Lynn’s once-bustling recording career began to slow down in the ’90s, just as a new generation of female country stars like Shania Twain and the Dixie Chicks were carrying on her happy embrace of taboo subject matter. But she made a high-profile comeback in 2004 with “Van Lear Rose,” an album she recorded with Jack White of the White Stripes, and she stayed on the road pretty consistently into her 80s, even if she didn’t always seem psyched to be there. I vividly remember a gig in the late 2000s where she kept handing off vocal duties to one of her bandmates while she sat on an ornate throne.

“Miss Loretta, I think the audience might like to hear you sing one,” the guy told her, which I suppose was true enough, though I for one was just as gratified by watching her not do something she didn’t want to do.
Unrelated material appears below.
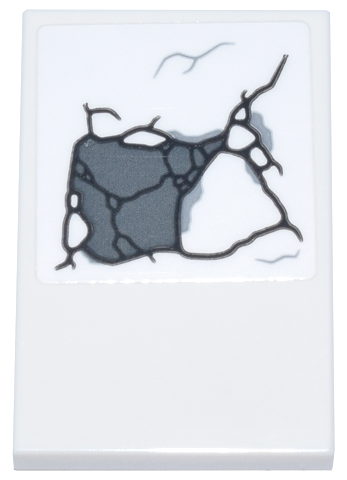 Lego Tile 2 x 3 with Black, Dark Bluish Gray and Light Bluish Gray Wide Cracked Stone Pattern 2 (Sticker) - Set 76266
LeAnn Rimes, Mickey Guyton, Kacey Musgraves and Dolly Parton are among the many country music stars paying tribute to Loretta Lynn, who died Tuesday.

Oct. 4, 2022

In 2016 Lynn released the first installment in a series of recordings she made with her daughter Patsy Lynn Russell and with Johnny Cash’s son, John Carter Cash — intimately arranged collections of oldies and new tunes not unlike those Johnny Cash made near the end of his life with the producer Rick Rubin. And signs of her influence only continued to crop up in music by the likes of Miranda Lambert, who thanked Lynn on Twitter on Tuesday for having “blazed so many trails for all of us girls in country music,” and Brandi Carlile, who debuted her Highwomen supergroup during a tribute concert to Lynn in Nashville in 2019. (Her impact stretched beyond country music too: A couple of years ago, Vampire Weekend’s Ezra Koenig, of all people, told me he’d styled his and Danielle Haim’s duets on VW’s latest album after Lynn and Conway Twitty’s late-’70s “You’re the Reason Our Kids Are Ugly.”)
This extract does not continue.